We have a saying at Pinterest HQ: Put Pinners first. The people who use Pinterest are the first thing we think of as we build our product. The same goes for the photography we use to represent our brand. We’re inspired by real Pinners and their passions and wonderful eccentricities.
Who we show
Show actual Pinners, not models: When possible, our photos should feature real people who really use Pinterest. We might show them in the middle of creative flow, or a work in progress mess. Or maybe we'll show them proudly showing off something they made, inspired by an idea they found on Pinterest.
Show a diversity of ages, genders, ethnicities and sizes: Pinterest is a tool for anyone to discover and do what they love. Our photography reflects the incredible range of all the people who use the service.
Show the kind of people you’d like to talk to at a party: The people we photograph look like they live life fully, and love who they are. They’re appealing, and not necessarily "conventionally" attractive.

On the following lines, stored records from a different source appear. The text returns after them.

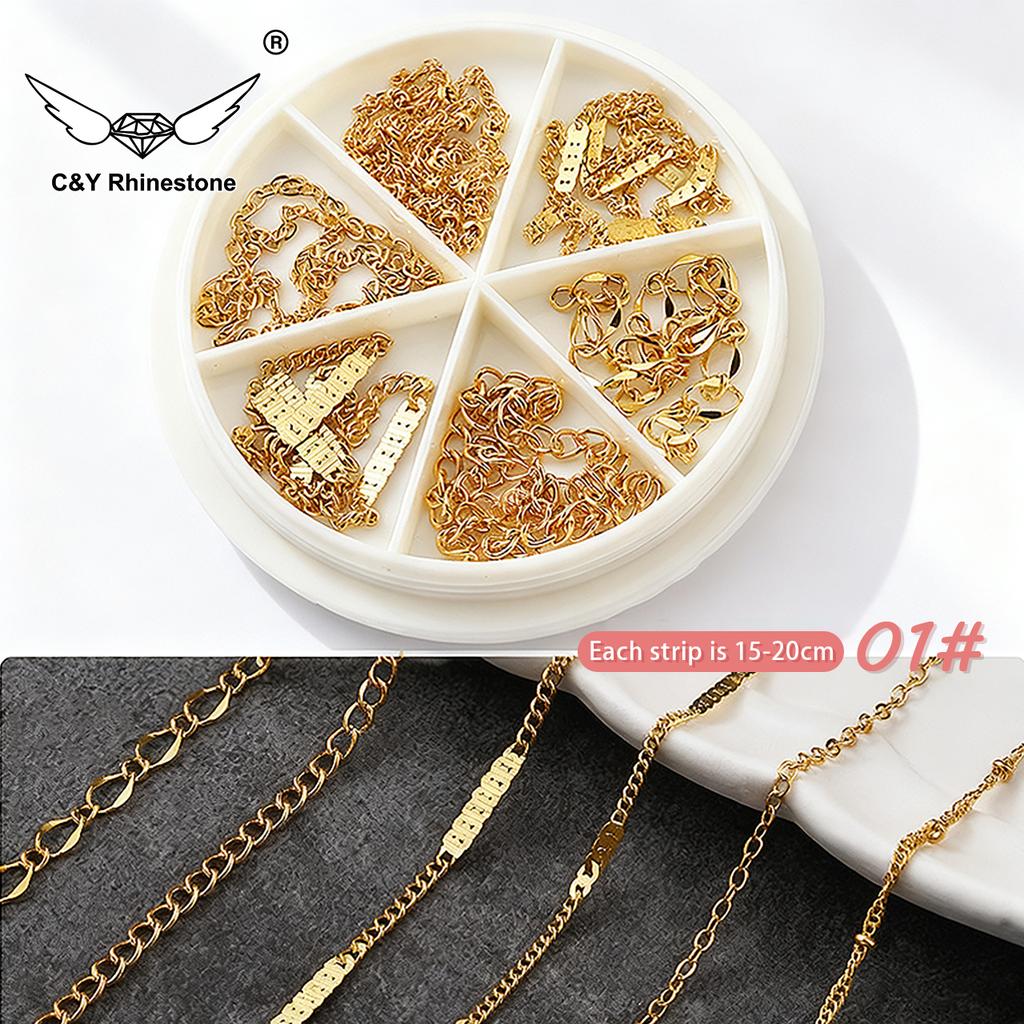 CY French Metal Chains Nail Charm DIY Nail Art Decorations Manicure Tools for Nail Design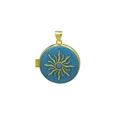 Close-up of golden sunburst blue enamel locket pendant for photos with hinge detail - DN251241-H (Pendant Only (Without Chain))
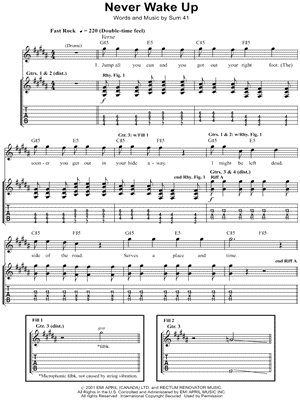 Sum 41 – Pieces Sheet music for Piano (Solo)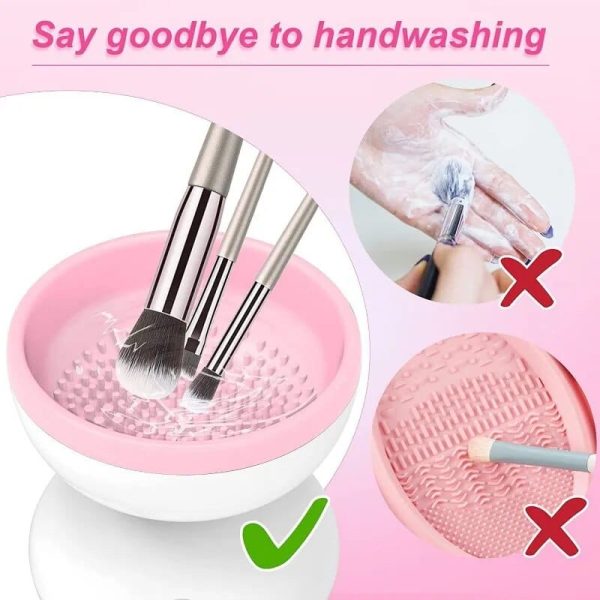 Electric Makeup Brush Cleaner Machine, Portable Automatic Usb Cosmetic Brushes Cleaner For All Size Beauty Makeup Brush Set, Liquid Foundation, Contour, Eyeshadow, Blush Brush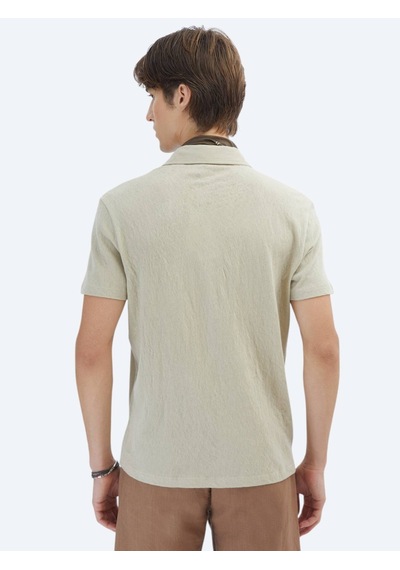 Kip Bej Düz Regular Fit Casual Pamuk Karışımlı Gömlek Bej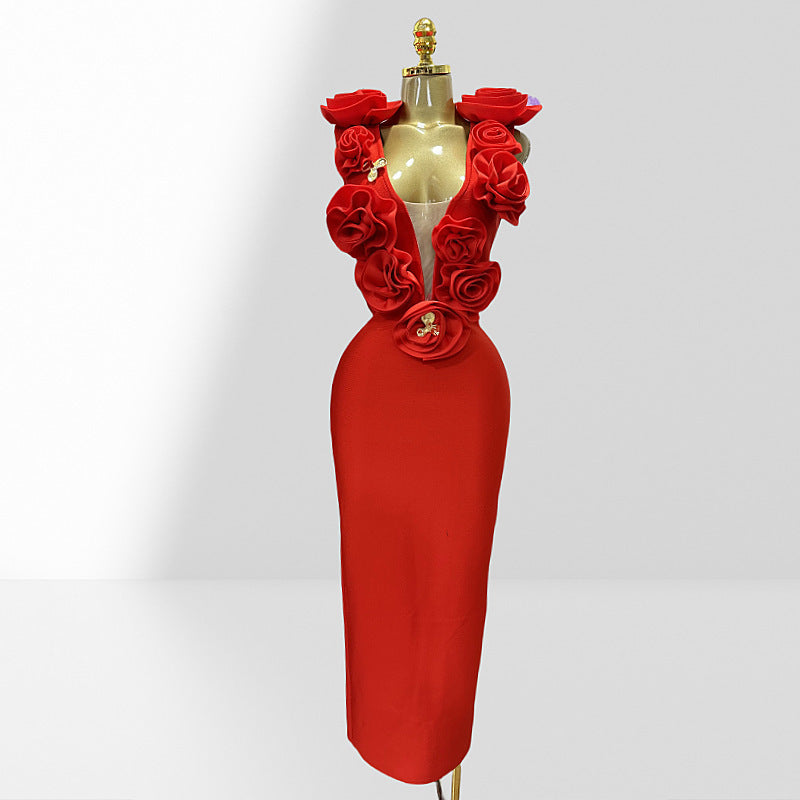 Three-dimensional Flower Sexy Dress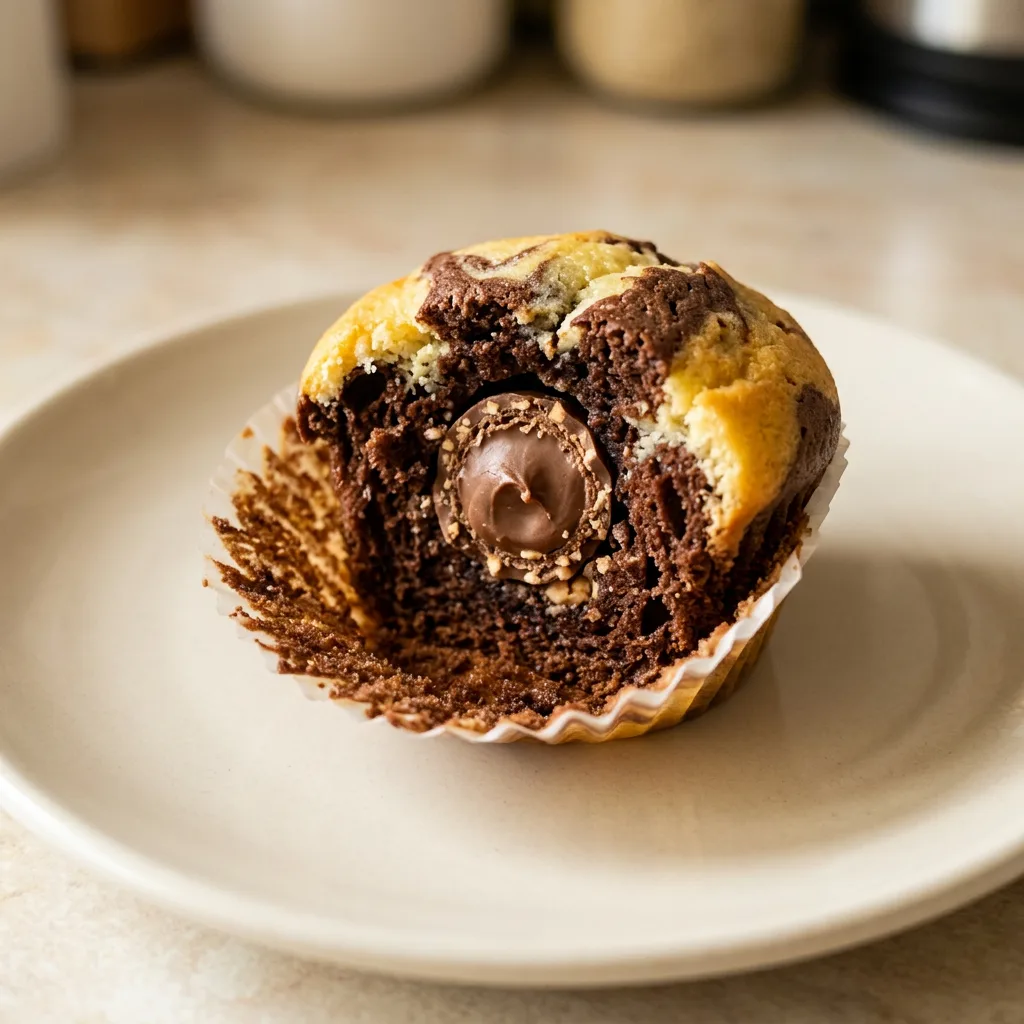 Overhead shot of two chocolate muffins topped with melted chocolate and a Kinder Schokobon in the center.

Show people in their own spaces or with their own stuff: Ideally we catch Pinners in whatever setting they feel most creative, surrounded by the things that inspire them. Staged studio environments can also work, though it helps when subjects are wearing their own clothes, doing things that let their distinct personalities shine through.
How we show them
Show images that feel like a friend took them: We don’t want anything that feels stock or like it came out of a magazine. Shoot from eye level or below, and fairly close-in. This makes things feel more casual and intimate. Eye contact and authentic expressions help a lot, too.
Show breezy, casual compositions: Images should feel like captured moments, and be full of rich detail. Shoot for a mix of both asymmetrical and symmetrical shots. Asymmetry gives a more dynamic, unstaged look, and leaves us with room to add text later on. Symmetry honors the Pinner by putting them “front and center.”
Use subtle filters and slight film grain. Some judicious post-processing can help images feel more like a memory and less like a photograph.
Stuff to avoid
Please don’t show people with inauthentic expressions. We’ve found that keeping the size of the photo crew to a minimum and spending time getting to know the Pinner can help get images that feel more authentic. We don’t want to overwhelm or exhaust our subjects.
Don’t use slick photography tricks. Avoid tack sharp or pixel-perfect images, sun flares, bokeh, HDR, short depth of field, wide angle distortion, tilt-shift or other stylized choices that give off the feel of a professional photo shoot.
Don’t show intimidating perfection. The settings and people you photograph should never look overly polished, or impossibly perfect.